Failure to address both the
“brain drain” (out-migration) and the “brain gain” (in-migration) issues
would pose major problems for the state as it struggles to compete in
the 21st century Innovation Economy.

Reconstituted earlier this year,
the Council on Workforce Investment has been asked to recommend
strategies for aligning workforce development resources to support
economic growth. That will include building career pathways to support
high-demand industries, identifying best practices around training and
apprenticeships and making every worker — young, old, disabled or
otherwise — count for Wisconsin.

Finding innovative ways to
retrain dislocated workers and to engage sidelined workers of all types
is vital in an era when demographic quantity counts every bit as much as
quality, Winters said.

Workforce challenges are
connected to what continues to be a historically slow recovery from the
latest recession, which was well underway by 2008. Real gross domestic
product recovery 16 quarters after the official end of the Great
Recession has been 9.2%, the lowest of the 11 recessions since World War
II. Similarly, jobs recovery has also been the slowest of the 11
recessions.

“There has been a structural
change in the economy,” Winters said. “This is not your father’s
Oldsmobile … in fact, they don’t make Oldsmobiles anymore.”

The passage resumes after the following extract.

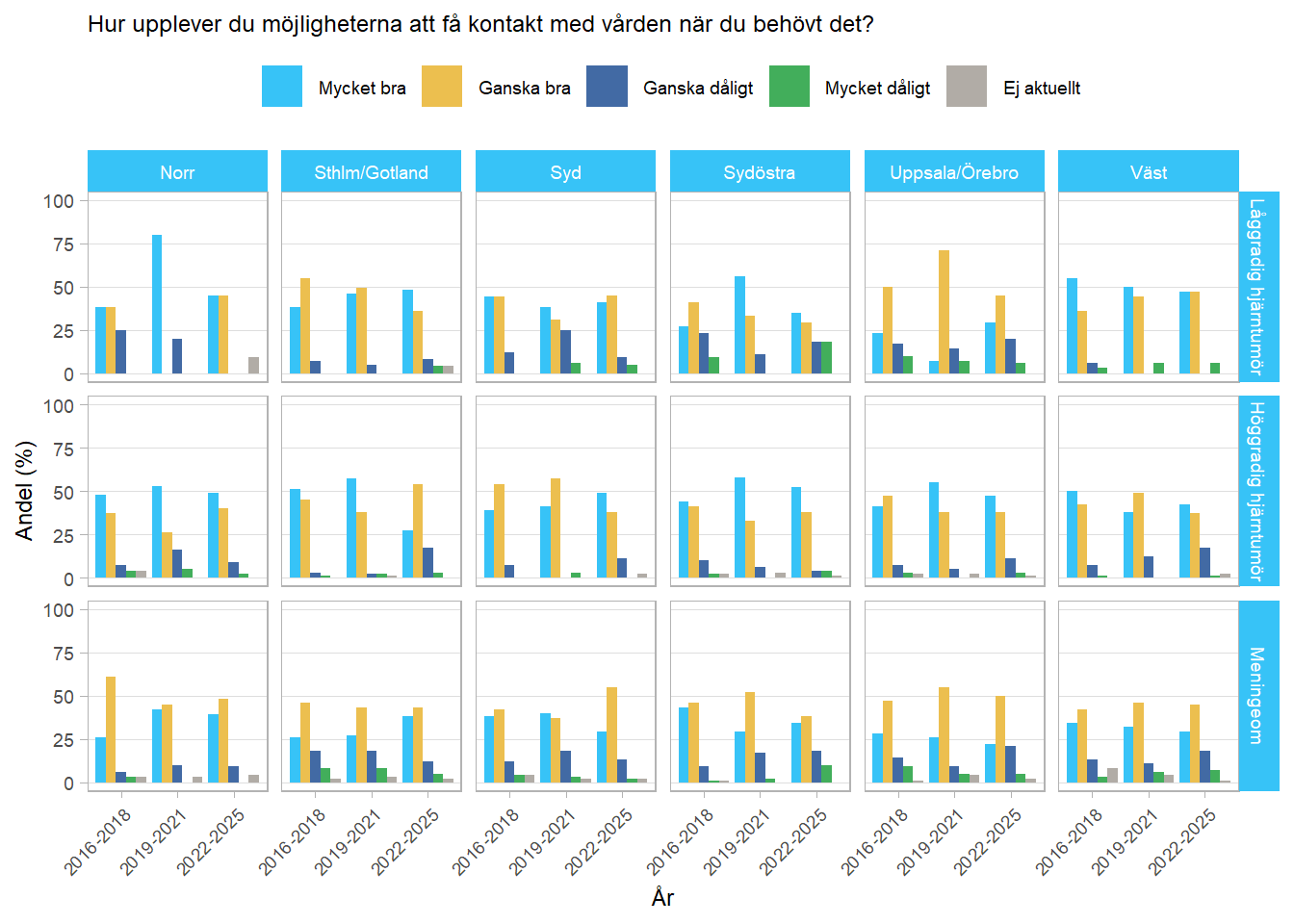 Stapeldiagram som illustrerar hur patienter upplevt vårdens tillgänglighet fördelat på regioner, tidsperioder och diagnosgrupper.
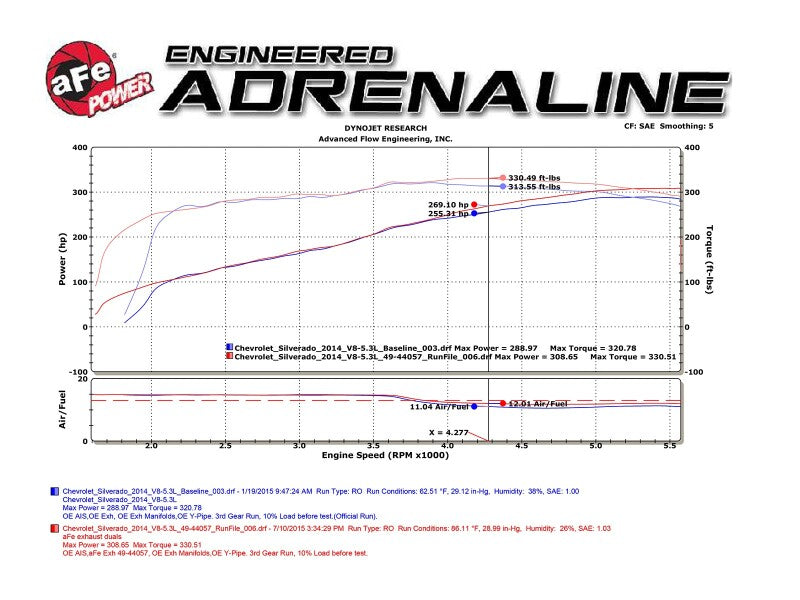 Graph showing performance data for aFe Gemini XV Cat-Back Exhaust System for GM Trucks 2009-2018 V6 and V8 engines.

In Wisconsin in 2010, there were
only four counties where more than 23% of the population was 65 or
older. That is predicted to grow to 58 counties by 2040. That trend is
aggravated by a slightly above-average loss of young people just after
their high school years. The bigger problem may be the state’s inability
to attract people in their 20s and 30s, which Winters said is partly a
cultural issue.

“Young people today don’t just live to work, they work to live,” he said.

Keeping and attracting
millennials was also a topic Thursday at a League of Wisconsin
Municipalities meeting in Elkhart Lake, where speakers agreed “cool”
cities have the best chance to become hot cities in terms of attracting
and retaining talent.

There are other demographic
issues as well. Tom Hefty, an economist who once headed Wisconsin Blue
Cross Blue Shield United, told the gathering of city and village
executives the state’s workforce participation rate for men and women
has declined since the 1990s — although still higher than the U.S.
average. Wisconsin’s median household income has also slipped relative
to the United States as a whole.

So, is Wisconsin’s demographic crunch a doomsday book? Not necessarily.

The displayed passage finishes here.